The 2014 election year isn’t quite over. There are the state and federal general elections in November. And 2015 is an election year at City Hall.
(Daily News File Photo)
“It’s not in any way to be persuasive,” Harvey said. “It is to answer any questions.”
Even before Thursday’s election results were in, the commission was guaranteed to have a majority of new members – at least seven of the 13.
It is the largest turnover on the commission since 2006, when seven new commissioners were elected.
Such turnovers are likely to remain a feature of the commission, which, like the county mayor’s position, has a term limit of no more than two consecutive terms.
The first group of commissioners reached the two-term limit with the 2006 elections. And in 2010, Walter Bailey became the first commissioner to win election back to the body after sitting out a term.
In 2008, county voters approved a county charter amendment that applies the limit of two consecutive terms to the sheriff, trustee, register, county clerk and assessor positions.
The clock on term limits for the assessor began running in 2012 with the one-time-only term of two years counting as the first term, as the office was shifted to the other four-year county election cycle starting in 2014.
The term-limit clock for the other three offices began Sept. 1, 2010.
The winners in Thursday’s county general election races take office Sept. 1.
But some of the commissioners running unopposed have already been familiarizing themselves with the commission’s way of doing things.
District 2 Commissioner-elect George Chism has watched several commission meetings and committee sessions from the audience since winning the Republican primary in May.
He watched the day outgoing Commissioner Henri Brooks lectured a Hispanic businessman about comparing the plight of Latinos to African-Americans, kicking off a set of unrelated events that connected to put Brooks on the defensive for the remainder of her term and her campaign for Juvenile Court clerk.
District 3 Commissioner-elect David Reaves ends his term on the Shelby County Schools board Aug. 31 and begins his commission term the next day. Reaves wants to improve the relationship between the commission and the school board as well as the boards of the suburban school systems.
County commissioners normally elect their chairman for the year at one of their two July meetings. But in this election year, Harvey said, the new commission that takes office Sept. 1 will elect its chairman as the first order of business at its Sept. 8 meeting.
That day will also mark a change in the meeting time of the commission, which has been meeting Mondays twice a month at 1:30 p.m. The meeting time moves to 3 p.m. in September. That is also when a renovation of the commission chambers at the Vasco Smith Administration Building is scheduled to be completed.
Harvey, meanwhile, will soon be pursuing his next political goal – running for Memphis mayor in the 2015 city elections.
Some of the losers in Thursday’s election will also probably surface in the races for mayor and City Council next year.
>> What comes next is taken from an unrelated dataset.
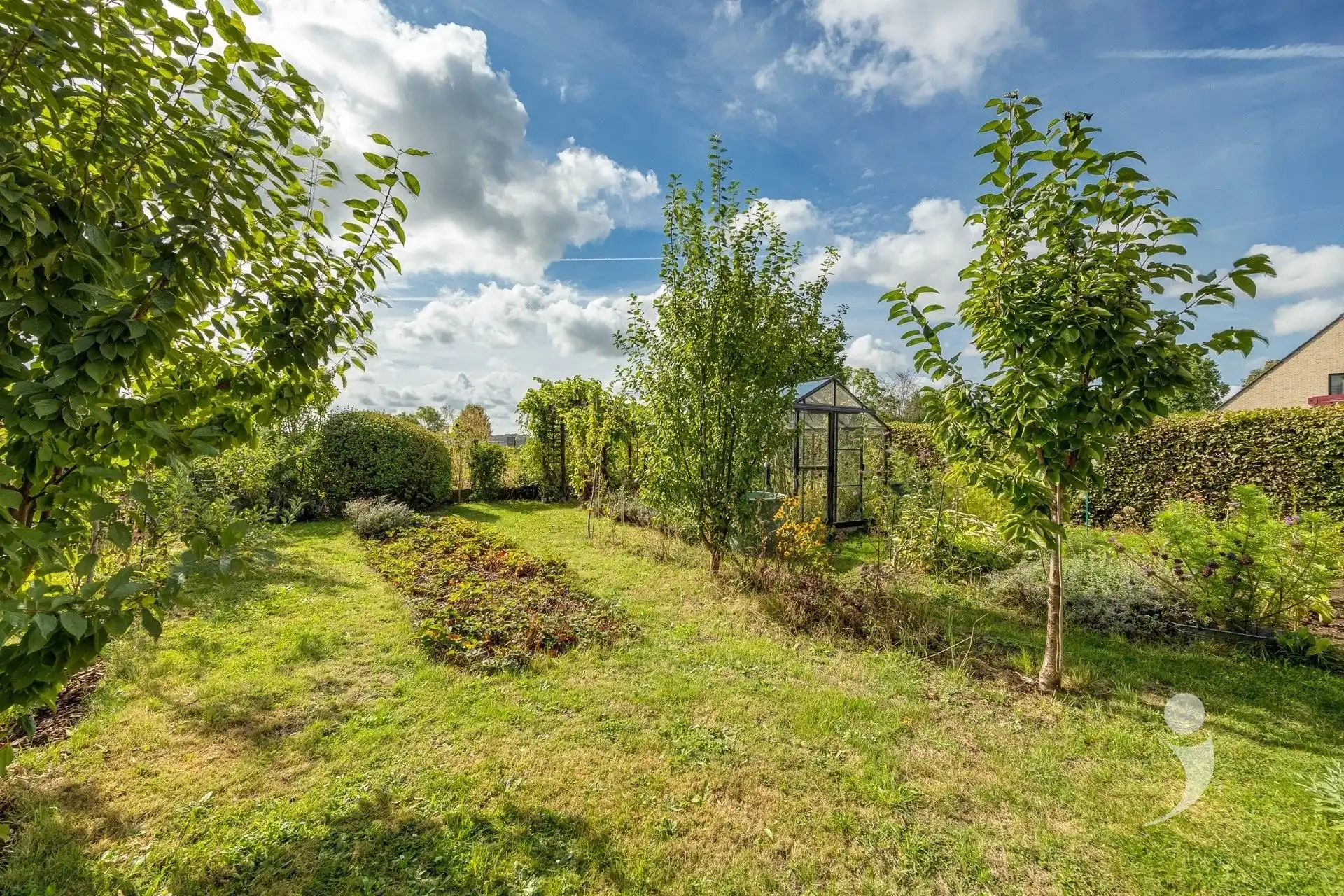 Gerenoveerde woning met prachtig zicht over de velden foto 33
And Thursday’s vote totals will create at least one other opportunity between now and then.
Tennessee Gov. Bill Haslam will be appointing a new chancellor in Shelby County Chancery Court Part III after Thursday’s election.
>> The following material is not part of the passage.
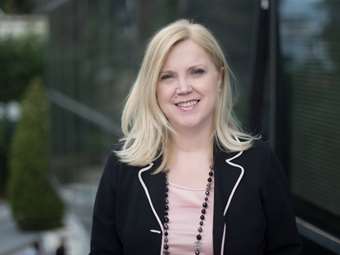 Και επίσημα στο "τιμόνι" της KPMG η Μαρίνα Καπετανάκη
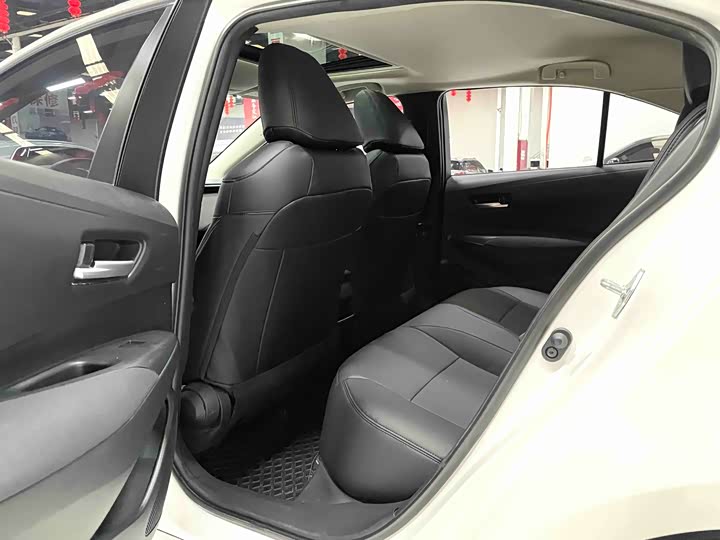 Фото 8 - Toyota Corolla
Chancellor Kenny Armstrong was unopposed in his bid for another term, but after the deadline to withdraw Armstrong’s name from the ballot, Haslam appointed him to the Tennessee Court of Appeals. He takes the Western Division seat on the appeals court Sept. 1, which is when he would have begun a new term in Chancery Court.
The election year isn’t over with Thursday’s results. The winners in the state and federal primaries on Thursday’s ballot advance to the Nov. 4 state and federal general elections.
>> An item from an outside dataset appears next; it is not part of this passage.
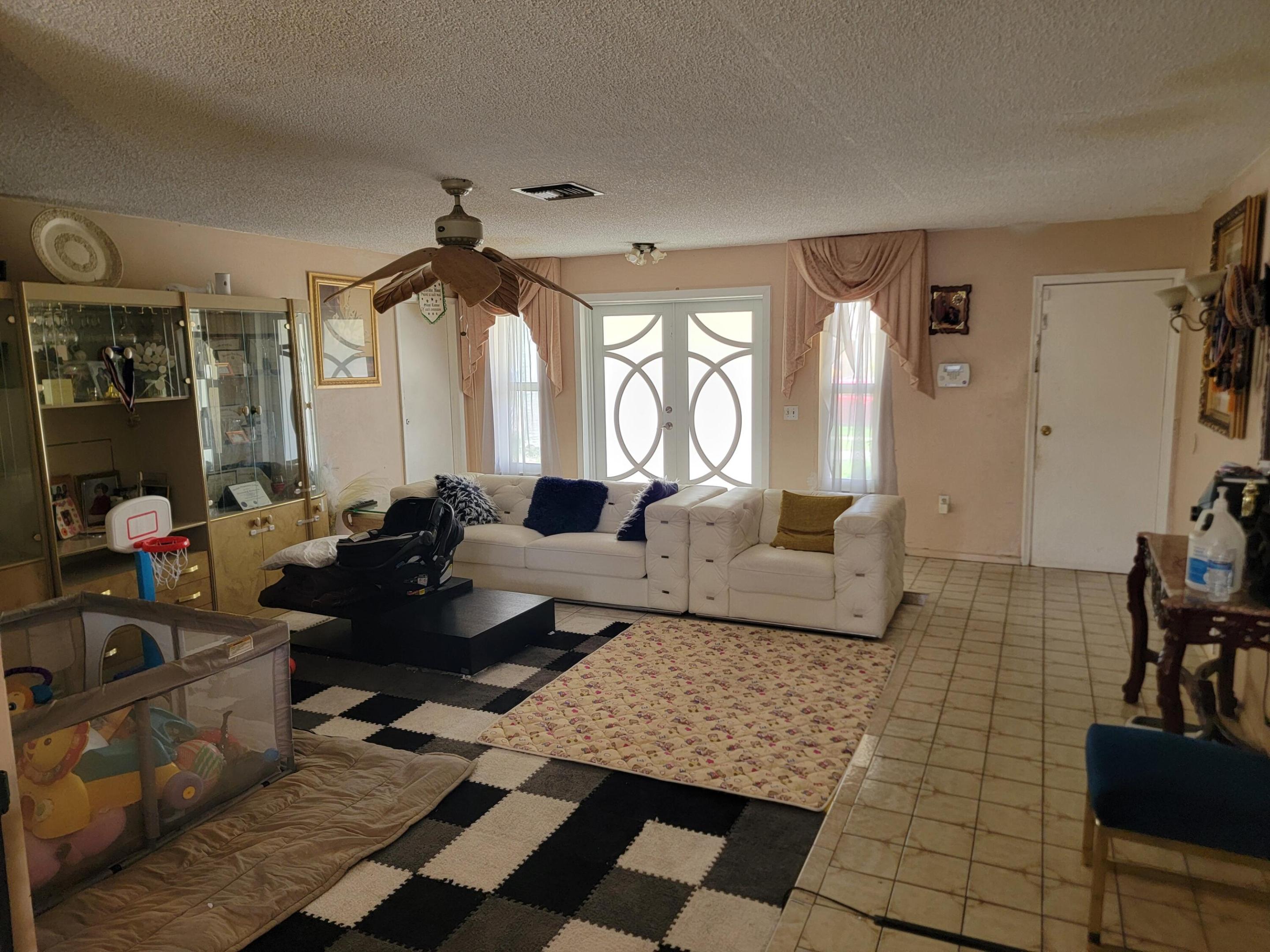 10641 Nw 28th Place Property Photo 13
Candidates in the November nonpartisan municipal elections in Bartlett, Collierville, Germantown and Millington are just about to the Aug. 21 deadline to file their qualifying petitions.
The Bartlett and Germantown ballots are topped by the mayoral, aldermen and school board races. The ballot in Millington is even-numbered school board positions. In Collierville, even-numbered school board races and odd-numbered aldermen positions will be on the ballot.
Through Thursday, Germantown Alderman Mike Palazzolo was unopposed in his bid to succeed outgoing Mayor Sharon Goldsworthy.
Incumbent Bartlett Mayor Keith McDonald has potential opposition in his re-election bid from John E. Lackey, who pulled a petition Tuesday.